◆ Supplied records
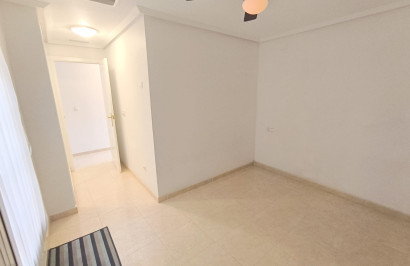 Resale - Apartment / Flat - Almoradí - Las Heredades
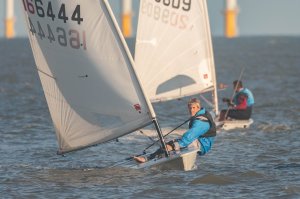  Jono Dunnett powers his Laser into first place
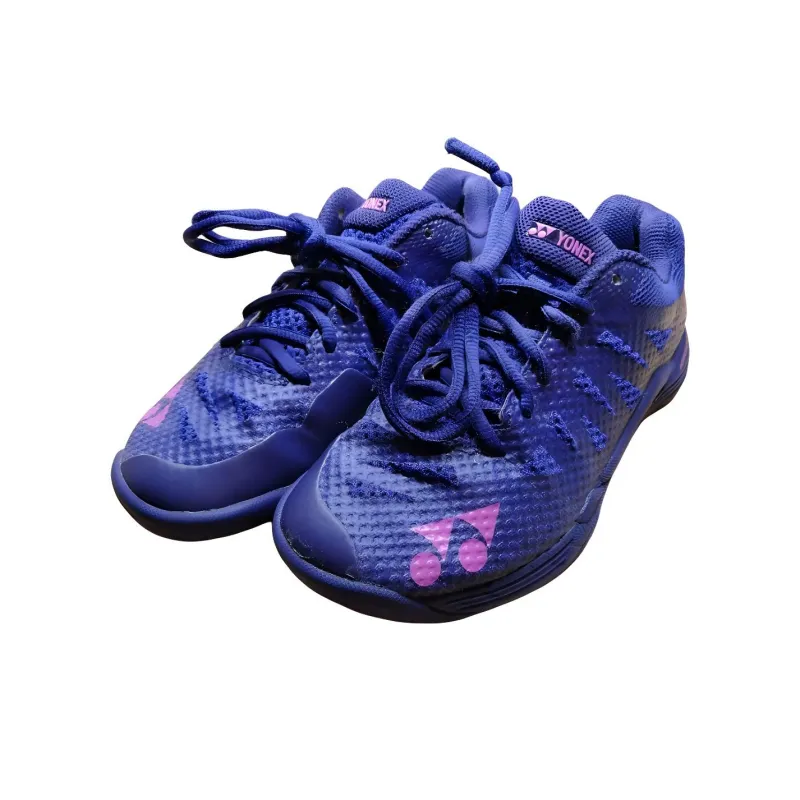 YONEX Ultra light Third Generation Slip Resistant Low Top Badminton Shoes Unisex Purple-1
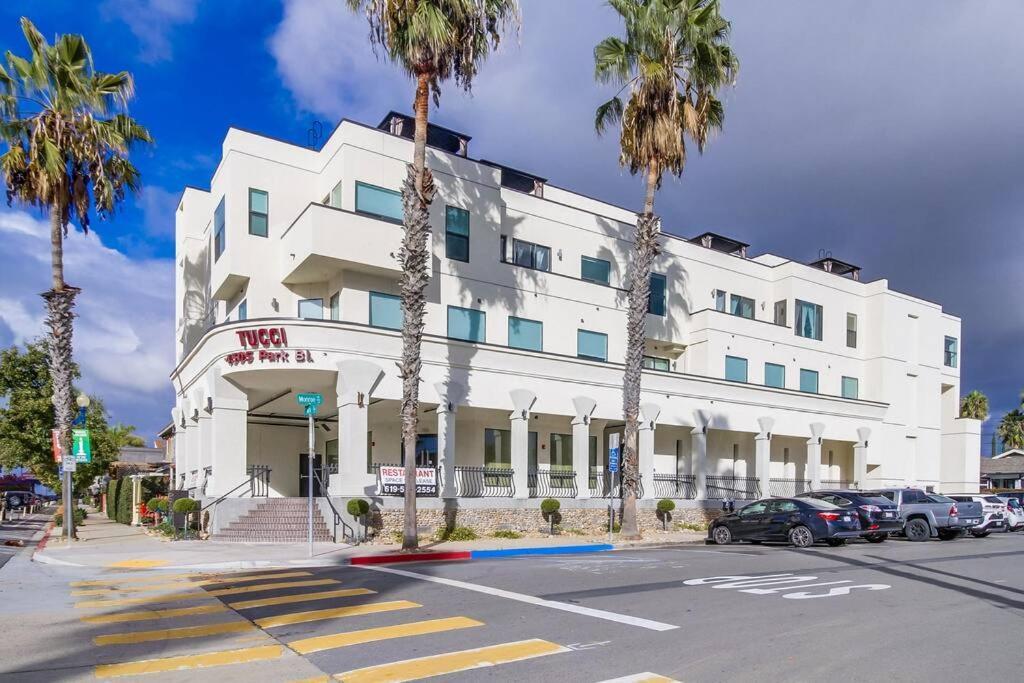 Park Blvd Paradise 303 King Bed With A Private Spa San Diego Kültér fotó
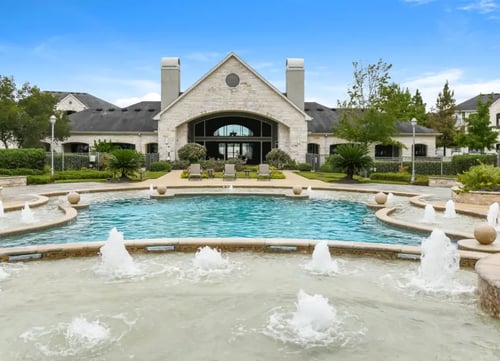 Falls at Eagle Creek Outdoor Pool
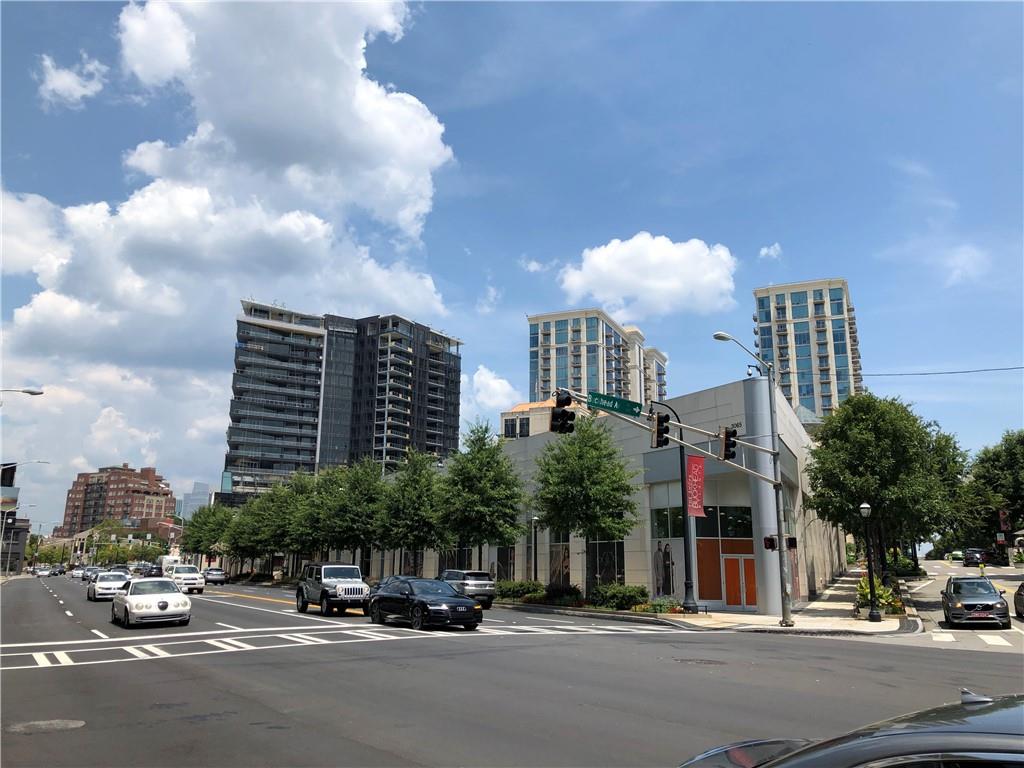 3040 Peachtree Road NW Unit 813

◆ Requirement
Going through the records above line by line, transcribe each one exactly and skip any pictures.

◆ Answer for this exercise
 Resale - Apartment / Flat - Almoradí - Las Heredades
  Jono Dunnett powers his Laser into first place
 YONEX Ultra light Third Generation Slip Resistant Low Top Badminton Shoes Unisex Purple-1
 Park Blvd Paradise 303 King Bed With A Private Spa San Diego Kültér fotó
 Falls at Eagle Creek Outdoor Pool
 3040 Peachtree Road NW Unit 813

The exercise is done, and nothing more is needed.